04 juillet 2025
Bilan obligataire du S1 2025
Alors que se finit le premier semestre 2025 et qu’arrive notre traditionnel hebdo de mi-année faisant un premier état des performances obligataires, force est de constater que les inquiétudes et perspectives du début d’année en termes d’incertitude, de volatilité et de performances moindres qu’en 2024 se sont plutôt vérifiées : le portage était moindre, les spreads étaient plus comprimés, les sujets s’amoncelaient sans se régler tant du point de vue macro que géopolitique.
Et si nous devions résumer ce semestre de performance obligataire, nous dirions que la tendance de 2023 et 2024 s’est poursuivie mais montre un essoufflement qui devrait s’accentuer encore dans les mois à venir, tant les primes se compriment :
- Les catégories les plus risquées en termes de risque de crédit (High Yield et subordonnées financières) ont encore largement surperformé les catégories les moins risquées (Govies et Investment Grade) (cf graphe 1)
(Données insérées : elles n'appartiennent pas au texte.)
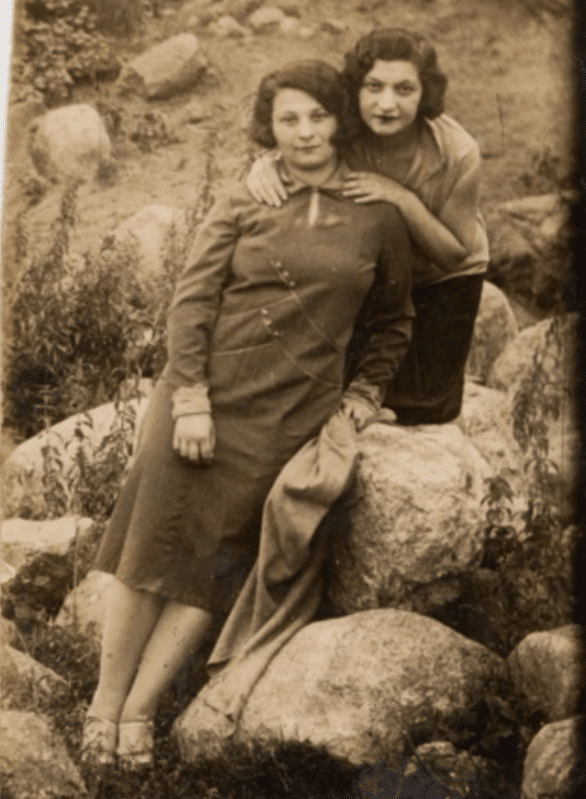 Gilad Japhetin, isoäiti Chana Chwojnik (vasemmalla) ja hänen isosiskonsa Libke Chwojnik (oikealla), joka jäi Ruzhanyyn ja kuoli holokaustissa. Kuva on otettu juuri ennen isoäitini, Chanan, muuttoa Israeliin. Chanalle tämä kuva merkitsi jäähyväismuistoa Libke-sisaresta. He eivät enää koskaan nähneet toisiaan.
- La composante « taux » a encore été source de la plus forte volatilité, sans que le portage ne suffise pour l’absorber à horizon de ces quelques mois. (cf graphe 1)
- Si la composante crédit suffisait à absorber quasiment tous les chocs entre 2023 et 2024, ce n’est plus le cas aujourd’hui en raison des spreads plus serrés (cf graphe 2) et de l’ampleur de l’incertitude (graphes 3-4-5) jamais égalée y compris durant la phase de CoViD, qui offrait au contraire, en termes de politique, de trajectoire monétaire et de cohésion mondiale une certaine visibilité.
Graphe 1 :
Graphe 2 :Graphe 3 :
Graphe 4 :Graphe 5 :
Source : Amplegest, Bloomberg
Incertitude oblige donc, et taux monétaires ultra court terme refluant, les flux des investisseurs sur le semestre écoulé semblent s’être dirigés prioritairement sur la classe d’actifs obligataire comme en témoigne le graphe 6 établi par les équipes de JP Morgan, tandis que les actions ont plutôt subi une décollecte en particulier sur la gestion active, "drivée", sans doute, par les inquiétudes sur le commerce mondial et la croissance comme le montre le graphe 7 (source : Société Générale) :
Graphe 6:
Graphe 7 :
Flux massifs sur l’obligataire donc qui se sont combinés entre le marché secondaire, dont les primes se sont resserrées, et le marché primaire, en particulier le segment High Yield, qui a battu des records d’émissions notamment sur la fin du semestre (cf graphe 8). Phénomène qui relève d’une certaine logique mais qui doit être surveillé avec une grande précaution, plus les taux et les primes de crédit baissent, plus la « chasse au rendement » devient la norme et plus les primes des catégories et des émetteurs les plus dégradés se resserrent… Nous pensons que nous entrons dans ce type de phase actuellement et qu’il est préférable de ne pas y céder pour deux raisons :
- La qualité des entreprises a plutôt tendance à, au mieux se stabiliser, sinon se dégrader, ce qui n'est pas cohérent avec des rémunérations plus basses.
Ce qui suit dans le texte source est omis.